Repeat the data verbatim, images excluded.

- **Data section**:
☆ ☆ ☆

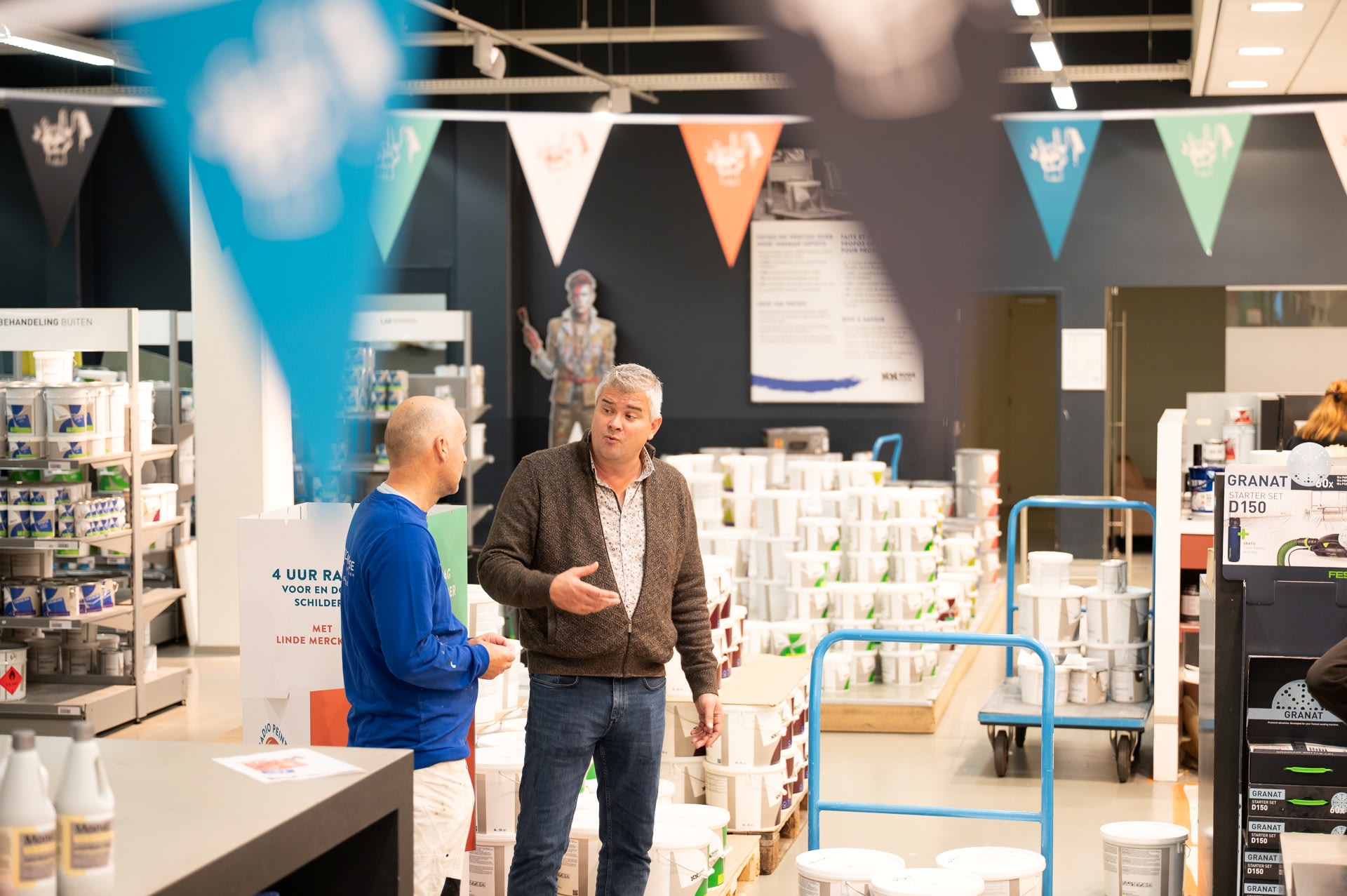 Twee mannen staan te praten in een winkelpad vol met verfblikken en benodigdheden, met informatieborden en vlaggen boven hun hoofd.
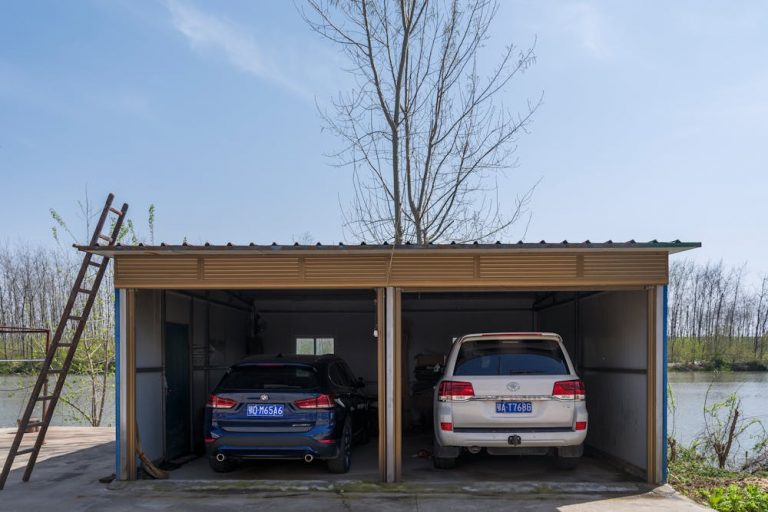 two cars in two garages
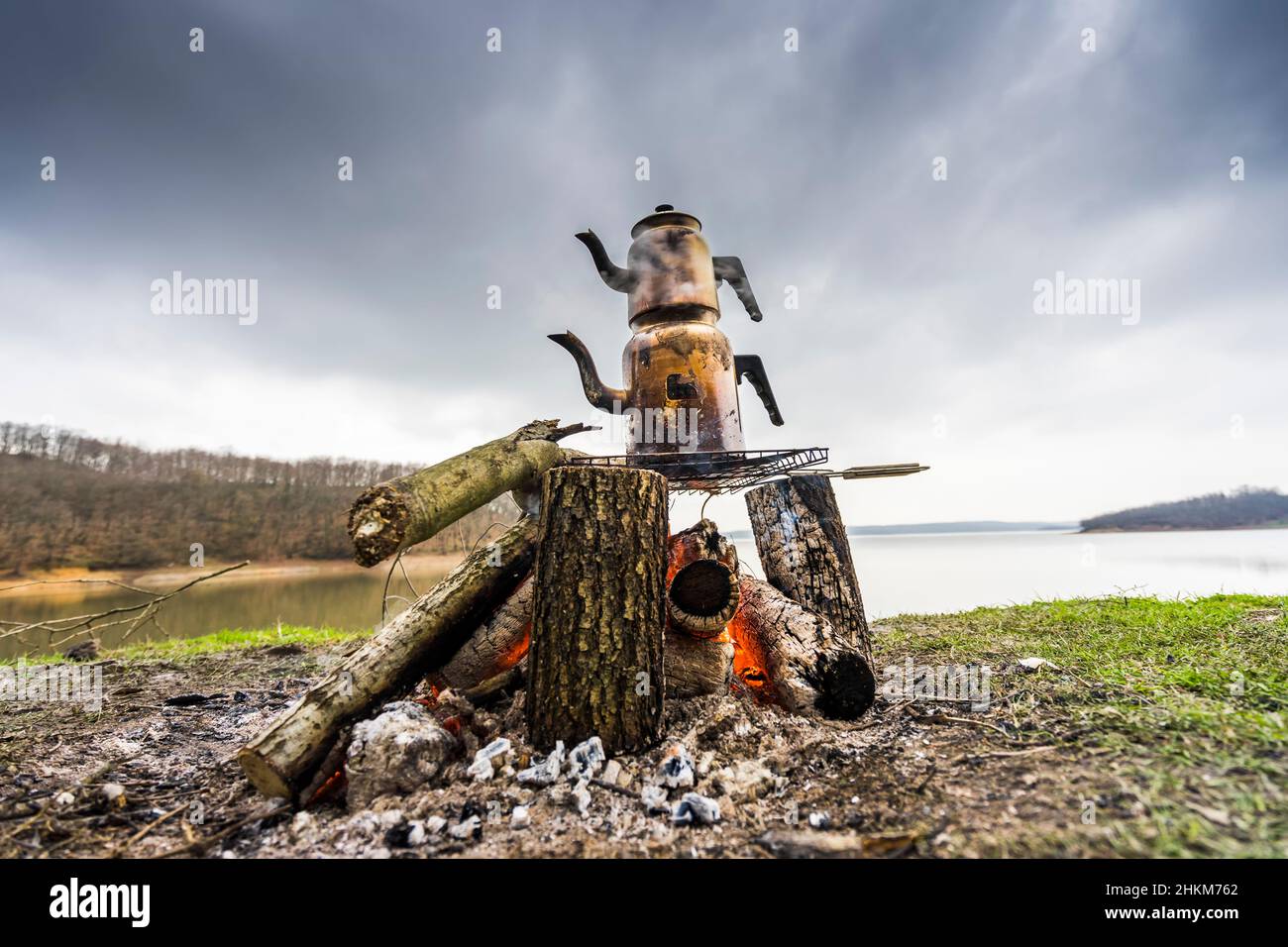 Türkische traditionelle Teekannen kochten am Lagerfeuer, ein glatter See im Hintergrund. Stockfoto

☆ ☆ ☆

- **Answer to this exercise**:
 Twee mannen staan te praten in een winkelpad vol met verfblikken en benodigdheden, met informatieborden en vlaggen boven hun hoofd.
 two cars in two garages
 Türkische traditionelle Teekannen kochten am Lagerfeuer, ein glatter See im Hintergrund. Stockfoto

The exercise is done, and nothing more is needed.